_Exercise directions_. Copy out the whole listing exactly as given. Skip the pictures.

_Data block_.
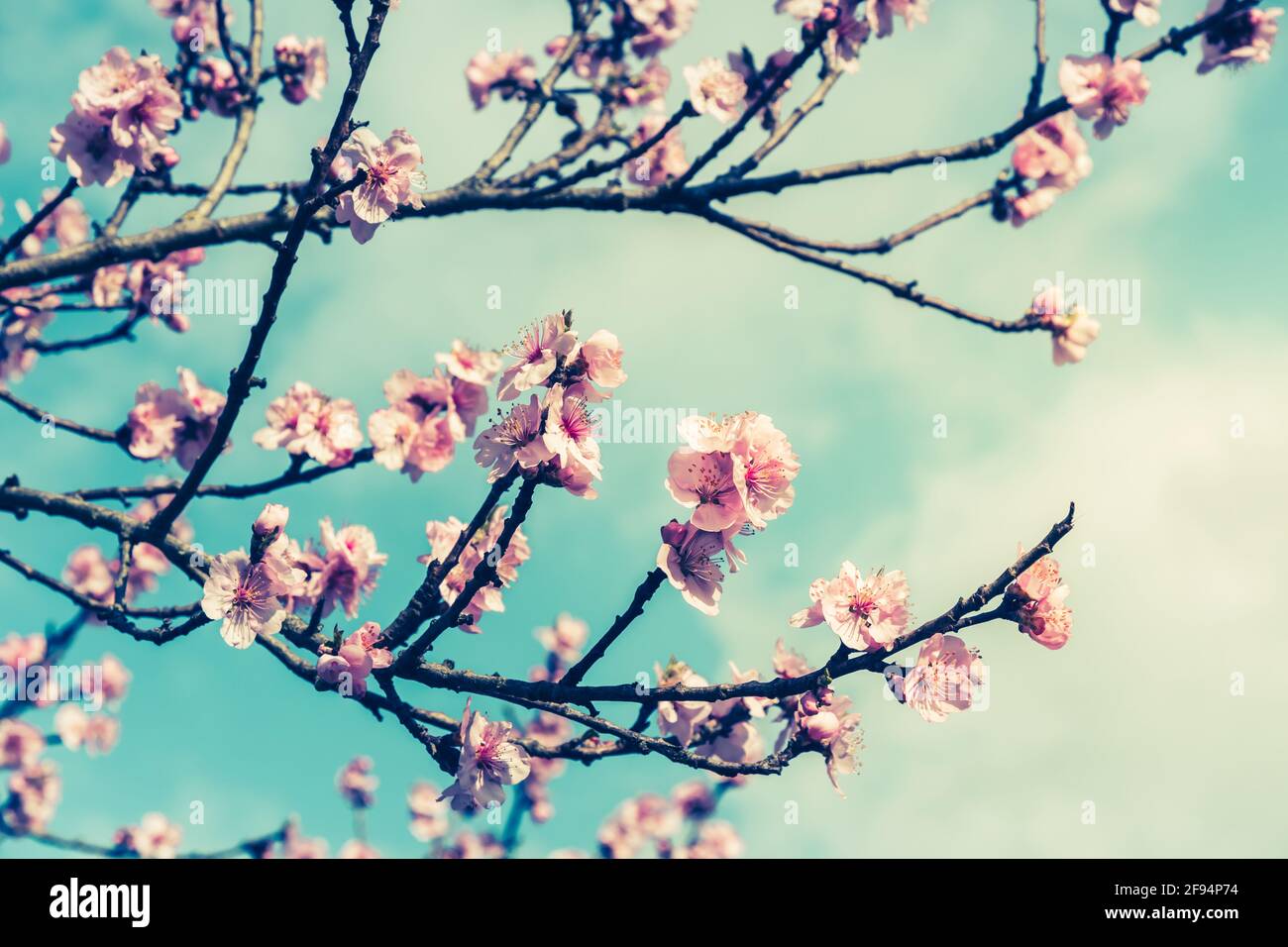 Cherry blossom branches in sunny early spring Stock Photo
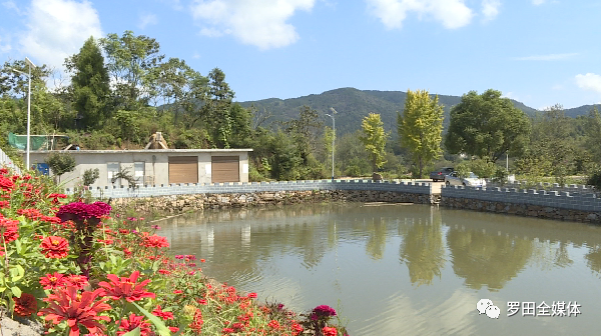 点赞罗田大崎镇项家河村水美虾肥日子红美丽乡村展新颜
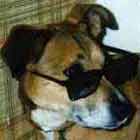 Comet, Charlotte's Dog, wearing sunglasses and looking very cool!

_Exercise answer_.
 Cherry blossom branches in sunny early spring Stock Photo
 点赞罗田大崎镇项家河村水美虾肥日子红美丽乡村展新颜
 Comet, Charlotte's Dog, wearing sunglasses and looking very cool!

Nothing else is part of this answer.